Notice that we're using the num p arange method here, which is going to go 0,
10, 0, 5, 10.
And this one will go -15, -10, -5, 0, and 5.
And so if you look at it, that's exactly what's shown.
6:09
Now you can play with this and try it out to make your own plot and
you can change the labels as indicated here.
What if we want to do multiple functions?
We can display multiple data on the same plot
by simply calling the function on the same axis object.
If we do that, we can get two lines.
6:28
We can also save our plot.
If you want to save it as a PDF,
you simply end the name of your file in PDF and that's what will be created.
If you use PNG, it will create a PNG, which is a different type of format.
We can create this file, and then we will execute.
Notice, we've saved our file, it still shows up in our notebook.
But then when we look, we can see that the file is there.
So these are two UNIX commands to list the contents.
Is that file exists?
There it is.
And then we remove it, so that our notebook is clean and
we can re-create it later.
The last thing in this notebook is how to use the Seaborn library to make
things prettier.
Make the visualization look better and focus on the important aspects.
7:14
The first two lessons in this module actually
talked about this idea of making things visually appealing and intuitive.
These ideas build on some of the concepts introduced
by Edward Tufte into the visualization landscape.
And the Seaborn library does a nice job of doing this, making this easy.
It includes lots of module functions that can generate very impressive plots and
we'll see those in subsequent lessons.
But we can actually simply import Seaborn and
call the set method and our plots will now look much better.
Notice how the colors are better looking, and it also has laid out these ticks so
that we can quickly see what the values of our data.
For instance, here you see that it is 5, -5 and this is 10, -15.

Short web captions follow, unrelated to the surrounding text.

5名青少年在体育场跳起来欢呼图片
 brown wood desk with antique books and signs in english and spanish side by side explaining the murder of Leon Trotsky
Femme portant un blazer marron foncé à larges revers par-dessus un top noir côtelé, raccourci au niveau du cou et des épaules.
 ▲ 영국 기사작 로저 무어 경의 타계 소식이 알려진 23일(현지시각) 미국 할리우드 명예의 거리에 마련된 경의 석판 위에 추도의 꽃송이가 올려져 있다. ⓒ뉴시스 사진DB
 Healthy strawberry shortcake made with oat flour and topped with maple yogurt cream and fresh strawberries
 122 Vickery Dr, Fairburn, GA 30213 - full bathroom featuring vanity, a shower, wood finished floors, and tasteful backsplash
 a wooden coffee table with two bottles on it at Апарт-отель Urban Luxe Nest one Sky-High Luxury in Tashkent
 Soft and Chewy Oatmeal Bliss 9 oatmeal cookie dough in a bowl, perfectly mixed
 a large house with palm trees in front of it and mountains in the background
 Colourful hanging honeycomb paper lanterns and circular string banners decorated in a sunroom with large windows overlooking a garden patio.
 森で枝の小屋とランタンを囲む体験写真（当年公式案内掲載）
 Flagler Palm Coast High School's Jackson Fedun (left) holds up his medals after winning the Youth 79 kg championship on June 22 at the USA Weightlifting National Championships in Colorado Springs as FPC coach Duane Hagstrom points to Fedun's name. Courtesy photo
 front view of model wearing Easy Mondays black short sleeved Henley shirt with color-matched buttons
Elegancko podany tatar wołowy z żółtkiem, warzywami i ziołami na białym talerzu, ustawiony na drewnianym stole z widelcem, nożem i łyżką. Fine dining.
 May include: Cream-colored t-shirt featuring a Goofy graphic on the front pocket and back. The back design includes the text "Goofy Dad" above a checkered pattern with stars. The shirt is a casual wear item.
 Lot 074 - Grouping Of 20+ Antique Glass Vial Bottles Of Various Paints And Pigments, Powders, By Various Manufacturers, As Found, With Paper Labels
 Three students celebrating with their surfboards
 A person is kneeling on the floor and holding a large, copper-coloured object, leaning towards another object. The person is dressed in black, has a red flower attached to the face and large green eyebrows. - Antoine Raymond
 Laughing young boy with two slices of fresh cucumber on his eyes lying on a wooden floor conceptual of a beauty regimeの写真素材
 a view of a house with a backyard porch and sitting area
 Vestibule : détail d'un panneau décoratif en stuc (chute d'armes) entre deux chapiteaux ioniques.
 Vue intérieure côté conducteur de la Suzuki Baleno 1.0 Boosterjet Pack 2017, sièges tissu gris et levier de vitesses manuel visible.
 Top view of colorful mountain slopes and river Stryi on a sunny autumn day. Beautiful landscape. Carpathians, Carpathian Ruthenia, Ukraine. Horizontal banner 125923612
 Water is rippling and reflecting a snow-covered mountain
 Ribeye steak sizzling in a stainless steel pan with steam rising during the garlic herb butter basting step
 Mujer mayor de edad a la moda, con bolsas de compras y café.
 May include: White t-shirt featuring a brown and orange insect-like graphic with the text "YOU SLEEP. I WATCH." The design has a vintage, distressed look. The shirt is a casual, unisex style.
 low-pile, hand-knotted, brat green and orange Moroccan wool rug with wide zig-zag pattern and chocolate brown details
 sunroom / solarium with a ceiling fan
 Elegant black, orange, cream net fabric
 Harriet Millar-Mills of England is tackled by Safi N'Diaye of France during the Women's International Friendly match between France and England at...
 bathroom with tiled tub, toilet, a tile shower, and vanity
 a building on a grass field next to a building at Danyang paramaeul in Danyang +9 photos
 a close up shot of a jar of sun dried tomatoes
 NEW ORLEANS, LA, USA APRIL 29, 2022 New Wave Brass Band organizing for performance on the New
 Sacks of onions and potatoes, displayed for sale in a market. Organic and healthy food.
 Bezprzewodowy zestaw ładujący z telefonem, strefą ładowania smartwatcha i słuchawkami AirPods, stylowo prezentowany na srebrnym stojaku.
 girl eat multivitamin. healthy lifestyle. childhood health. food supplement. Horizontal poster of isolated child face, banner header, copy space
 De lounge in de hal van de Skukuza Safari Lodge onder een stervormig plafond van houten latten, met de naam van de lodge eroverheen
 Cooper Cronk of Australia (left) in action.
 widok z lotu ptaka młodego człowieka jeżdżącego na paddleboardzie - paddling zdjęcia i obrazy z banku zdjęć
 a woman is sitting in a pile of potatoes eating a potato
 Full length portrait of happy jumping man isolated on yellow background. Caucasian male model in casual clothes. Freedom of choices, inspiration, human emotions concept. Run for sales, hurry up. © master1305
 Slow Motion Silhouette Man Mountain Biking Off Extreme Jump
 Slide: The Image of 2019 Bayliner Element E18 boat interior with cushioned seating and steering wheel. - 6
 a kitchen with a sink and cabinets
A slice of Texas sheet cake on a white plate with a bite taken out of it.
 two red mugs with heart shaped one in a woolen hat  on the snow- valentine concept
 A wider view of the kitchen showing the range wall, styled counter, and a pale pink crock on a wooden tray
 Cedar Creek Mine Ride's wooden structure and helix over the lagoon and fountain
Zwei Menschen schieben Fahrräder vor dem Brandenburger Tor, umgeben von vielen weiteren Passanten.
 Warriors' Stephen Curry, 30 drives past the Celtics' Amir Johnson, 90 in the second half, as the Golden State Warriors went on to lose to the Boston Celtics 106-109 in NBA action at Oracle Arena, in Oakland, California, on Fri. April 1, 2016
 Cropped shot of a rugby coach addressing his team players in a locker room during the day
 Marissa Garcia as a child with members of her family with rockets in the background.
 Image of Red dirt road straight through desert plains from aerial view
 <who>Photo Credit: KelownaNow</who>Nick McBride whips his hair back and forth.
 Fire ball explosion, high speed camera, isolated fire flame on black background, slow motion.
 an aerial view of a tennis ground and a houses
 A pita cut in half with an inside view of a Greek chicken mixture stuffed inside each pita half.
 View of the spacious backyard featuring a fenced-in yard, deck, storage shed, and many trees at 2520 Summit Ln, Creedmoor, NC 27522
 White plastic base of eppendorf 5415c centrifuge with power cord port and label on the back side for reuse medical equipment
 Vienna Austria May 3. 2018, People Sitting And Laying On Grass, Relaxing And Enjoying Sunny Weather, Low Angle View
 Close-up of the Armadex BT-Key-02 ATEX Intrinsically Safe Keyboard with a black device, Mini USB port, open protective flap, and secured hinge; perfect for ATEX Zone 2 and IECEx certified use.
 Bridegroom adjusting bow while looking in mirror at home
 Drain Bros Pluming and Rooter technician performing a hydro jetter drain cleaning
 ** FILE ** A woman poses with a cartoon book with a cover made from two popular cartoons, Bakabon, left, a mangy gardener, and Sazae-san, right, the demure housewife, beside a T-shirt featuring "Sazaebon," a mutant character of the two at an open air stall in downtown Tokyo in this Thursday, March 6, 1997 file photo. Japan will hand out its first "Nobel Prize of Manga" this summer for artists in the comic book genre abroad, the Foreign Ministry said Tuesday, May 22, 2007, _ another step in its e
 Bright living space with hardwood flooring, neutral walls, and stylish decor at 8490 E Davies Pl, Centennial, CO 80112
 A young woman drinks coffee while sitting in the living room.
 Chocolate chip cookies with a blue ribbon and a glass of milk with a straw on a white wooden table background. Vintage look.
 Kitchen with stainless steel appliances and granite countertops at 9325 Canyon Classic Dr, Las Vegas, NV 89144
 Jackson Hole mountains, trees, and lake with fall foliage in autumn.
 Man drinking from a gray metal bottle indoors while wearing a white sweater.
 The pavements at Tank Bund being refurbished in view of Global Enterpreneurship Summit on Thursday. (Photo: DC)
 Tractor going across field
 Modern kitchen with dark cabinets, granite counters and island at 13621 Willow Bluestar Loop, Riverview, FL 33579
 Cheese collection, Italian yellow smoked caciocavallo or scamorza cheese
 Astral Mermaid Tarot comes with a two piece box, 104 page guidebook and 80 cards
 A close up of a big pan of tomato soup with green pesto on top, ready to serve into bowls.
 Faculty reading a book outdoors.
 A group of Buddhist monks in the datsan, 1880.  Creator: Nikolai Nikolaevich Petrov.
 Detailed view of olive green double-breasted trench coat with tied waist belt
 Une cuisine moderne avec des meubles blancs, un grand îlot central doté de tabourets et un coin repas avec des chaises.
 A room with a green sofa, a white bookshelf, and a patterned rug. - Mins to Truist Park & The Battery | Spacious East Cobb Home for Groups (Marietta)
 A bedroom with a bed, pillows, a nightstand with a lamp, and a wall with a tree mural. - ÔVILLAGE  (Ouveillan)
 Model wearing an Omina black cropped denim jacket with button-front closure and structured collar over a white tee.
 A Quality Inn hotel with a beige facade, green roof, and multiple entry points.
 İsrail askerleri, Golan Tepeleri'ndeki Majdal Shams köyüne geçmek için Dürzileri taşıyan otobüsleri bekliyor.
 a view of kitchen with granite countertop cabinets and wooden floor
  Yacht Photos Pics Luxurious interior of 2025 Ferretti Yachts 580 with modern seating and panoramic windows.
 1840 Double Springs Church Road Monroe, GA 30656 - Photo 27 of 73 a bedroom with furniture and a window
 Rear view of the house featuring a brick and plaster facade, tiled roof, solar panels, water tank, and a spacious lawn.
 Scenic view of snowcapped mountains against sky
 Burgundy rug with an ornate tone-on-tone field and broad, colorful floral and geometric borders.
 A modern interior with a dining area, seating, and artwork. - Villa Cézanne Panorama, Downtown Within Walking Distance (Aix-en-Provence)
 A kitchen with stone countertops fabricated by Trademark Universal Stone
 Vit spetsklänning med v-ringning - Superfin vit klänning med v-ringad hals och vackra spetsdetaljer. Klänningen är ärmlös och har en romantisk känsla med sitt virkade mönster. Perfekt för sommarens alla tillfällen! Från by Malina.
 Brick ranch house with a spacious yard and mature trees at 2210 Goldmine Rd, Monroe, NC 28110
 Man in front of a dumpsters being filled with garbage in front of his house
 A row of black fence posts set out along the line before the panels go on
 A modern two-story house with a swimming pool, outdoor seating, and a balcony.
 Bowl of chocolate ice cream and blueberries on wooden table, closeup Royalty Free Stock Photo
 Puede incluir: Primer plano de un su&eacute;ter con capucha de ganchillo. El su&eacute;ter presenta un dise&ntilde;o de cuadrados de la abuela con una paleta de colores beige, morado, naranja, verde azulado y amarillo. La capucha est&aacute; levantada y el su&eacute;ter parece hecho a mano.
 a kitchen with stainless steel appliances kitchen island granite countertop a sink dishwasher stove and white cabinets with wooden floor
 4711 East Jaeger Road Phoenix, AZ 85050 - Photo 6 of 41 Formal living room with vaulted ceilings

These sorts of visual clues can be useful to help improve the understanding of
your plot.
There's some other things you can do with Seaborn and
this rest of the notebook demonstrates it.
Here's another way of demonstrating it.
We can make our labels bigger or fonts, change of fonts, etc.
I encourage you to play around with these things and see how they work.
Your time will be well worth it.
If you have any questions, let us know, and good luck.